Midpoint: really?

Using Professor Rodes’ midpoint theory, let’s take a look at The Tempest.

There are 2039 lines in in the play, which means the midpoint is at line 1020, or at Act Two, Scene Two, line 30. According to Dr. Rodes’ theory, you could find at this midpoint–or within twenty lines either way–a speech that perfectly sums up a major theme of the play (the 20-line leeway was to help remove the differences in prose line lengths between individual editions).

And if you’ve been following along in The Project, you’ll know that In most cases, it’s worked pretty well. But it hasn’t quite been as successful here in the Romances/Tragicomedies.

And here, my friends, it runs off the rails pretty much completely.

You see, Act Two, Scene Two is the scene in which Trinculo and Stephano meet Caliban. Drunken buffoonery. Worse, the midpoint comes during this section of Trinculo’s discovery of the hiding Caliban:

What have we here, a man or a fish? Dead or alive? A fish, he smells like a fish—a very ancient and fishlike smell, a kind of not-of-the-newest poor-John. A strange fish. Were I in England now, as once I was, and had but this fish painted, not a holiday fool there but would give a piece of silver. There would this monster make a man. Any strange beast there makes a man. When they will not give a doit to relieve a lame beggar, they will lay out ten to see a dead Indian. Legged like a man, and his fins like arms! Warm, o’ my troth! I do now let loose my opinion, hold it no longer: this is no fish, but an islander that hath lately suffered by a thunderbolt.
  • II.ii.24-35

I mean, really? This is the pivotal moment? The best spin I can put on it is that at its center the speech makes a joke about the English, who will pay to see any kind of freak (kinda like the joke Shakespeare makes in Hamlet about the English being crazy, so Hamlet’s madness will not be noticed there). If so, so what?
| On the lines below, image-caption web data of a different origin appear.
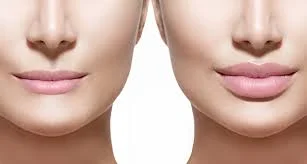 Preenchimento Facial
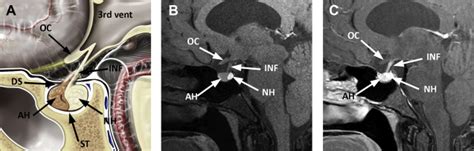 Pituitary Gland Mri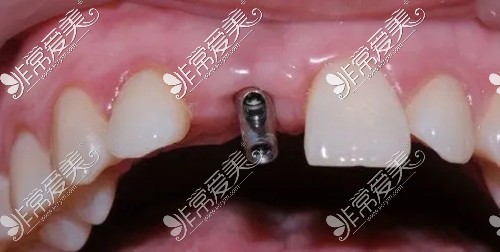 MS系列种植牙适合前牙
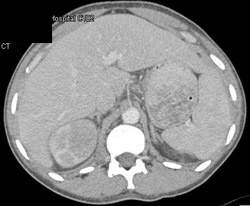 Acute Pyelonephritis - Right Kidney - CTisus CT Scan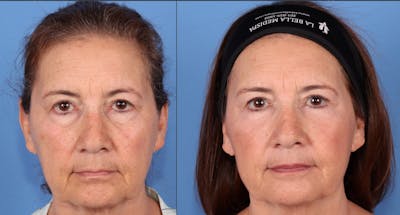 Eyelid Surgery (Upper & Lower Blepharoplasty) Before & After Gallery - Patient 143207 - Image 1
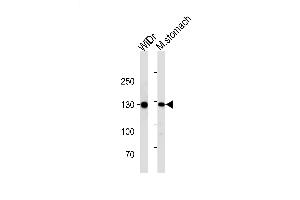 Lane 1: WiDr, Lane 2: mouse stomach lysate at 20 µg per lane, probed with bsm-51214M CDH1 (813CT11. (E-cadherin anticorps)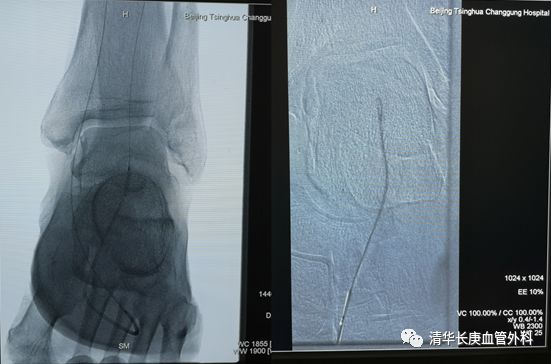教学相长共同成长,北京清华长庚医院周围血管外科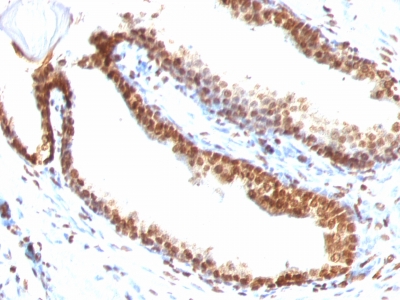 Formalin-fixed, paraffin-embedded human Colon Carcinoma stained with Double Stranded DNA Monoclonal Antibody (DSD/958)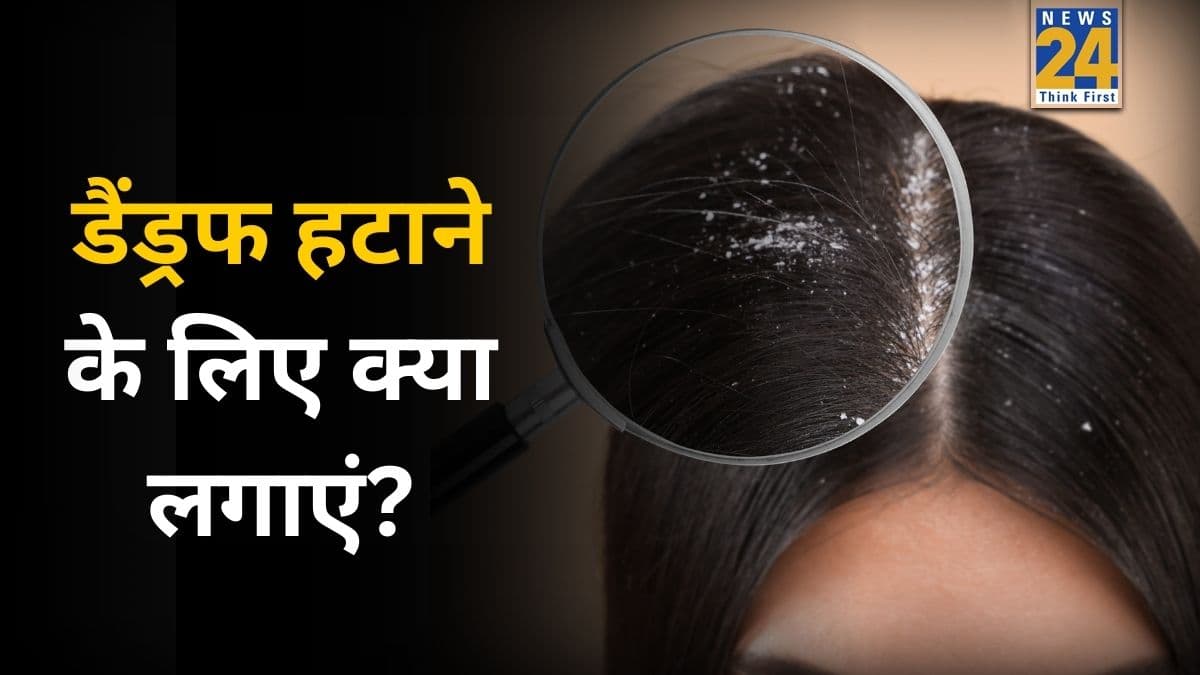 घर पर डैंड्रफ को 1 दिन में कैसे हटाएं? नारियल तेल में मिलाकर लगा ली यह चीज तो हो जाएगा रूसी का सफाया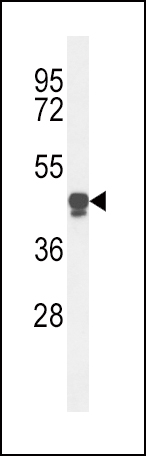 PLA2G7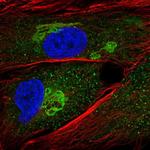 GALNT5 Antibody in Immunocytochemistry (ICC/IF)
Well, maybe this is not just a joke, but a kind of meta-reference. Maybe the freak in question–one that is not quite a man, not quite a fish, not quite dead, not quite alive–isn’t Caliban, but rather The Tempest itself. Generically, it’s neither man nor fish, dead nor alive. It’s this weird theatrical experiment. And you sad lot, Shakespeare seems to be giggling, are paying to watch this.

But that’s thin.

Paper thin.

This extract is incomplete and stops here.